Activity
The material below is to be copied exactly from the line with "Kit 2 Discos" up to and including the line with "Gold Rope Chain", with nothing else kept and no pictures.

Exercise material

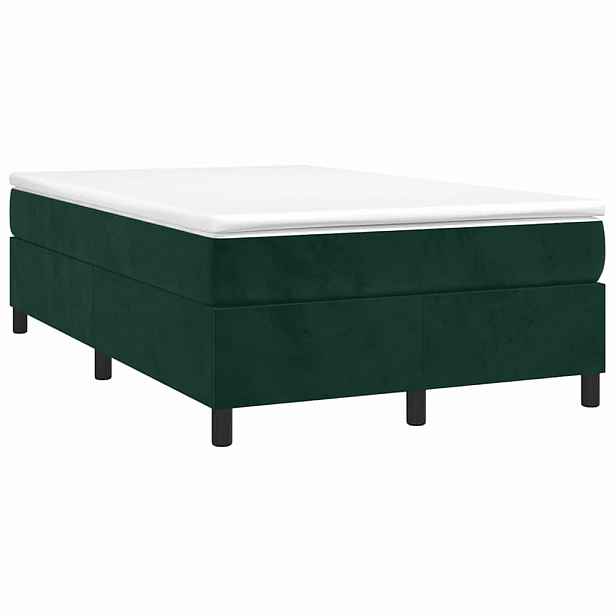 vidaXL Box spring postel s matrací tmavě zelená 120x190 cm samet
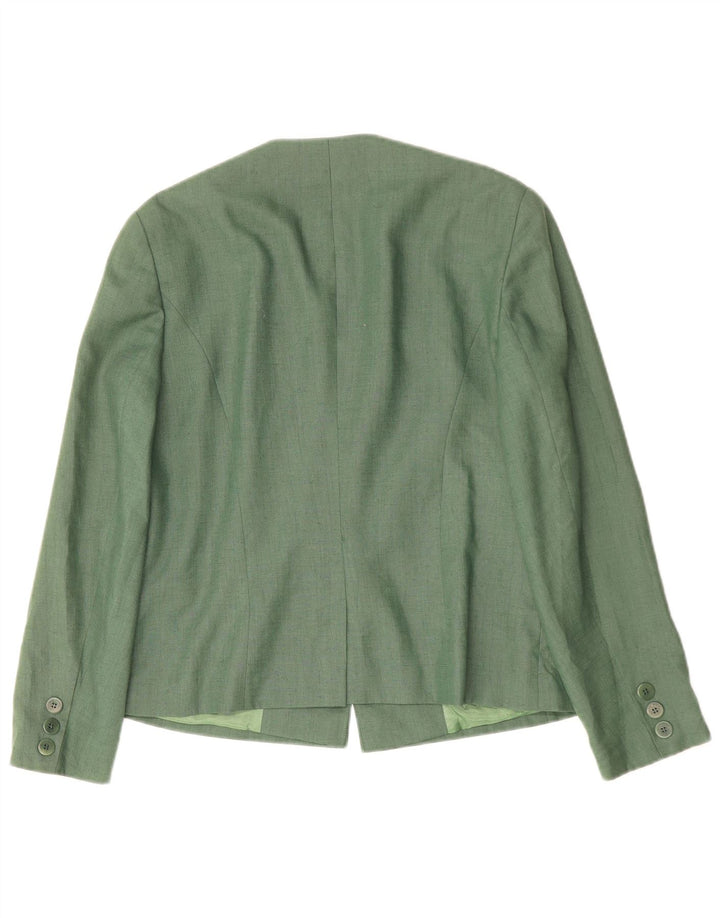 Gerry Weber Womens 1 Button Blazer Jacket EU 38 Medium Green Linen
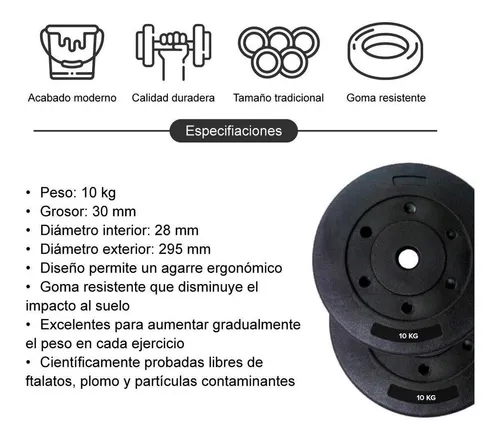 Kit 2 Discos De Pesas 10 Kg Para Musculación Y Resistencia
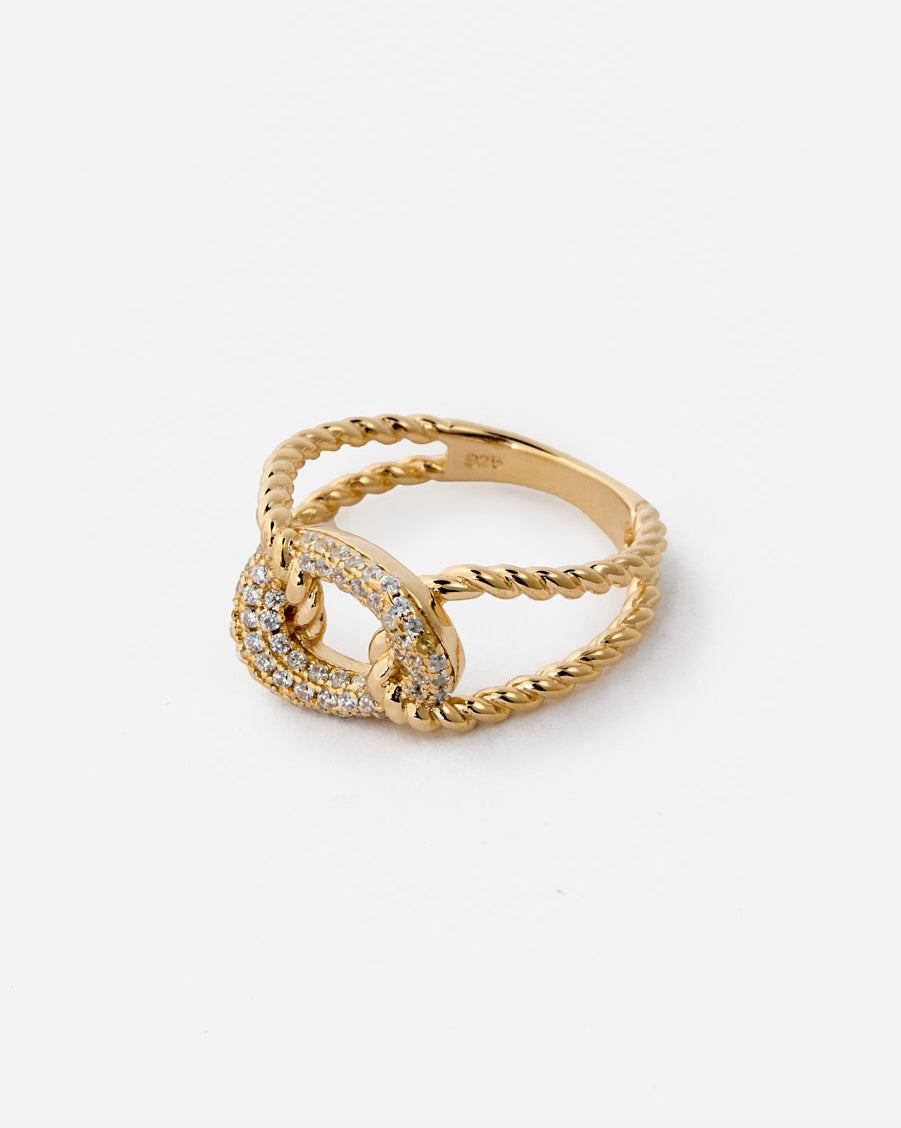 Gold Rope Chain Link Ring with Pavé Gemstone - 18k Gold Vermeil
==
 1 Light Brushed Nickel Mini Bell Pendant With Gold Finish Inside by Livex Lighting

Problem solution
 Kit 2 Discos De Pesas 10 Kg Para Musculación Y Resistencia
 Gold Rope Chain Link Ring with Pavé Gemstone - 18k Gold Vermeil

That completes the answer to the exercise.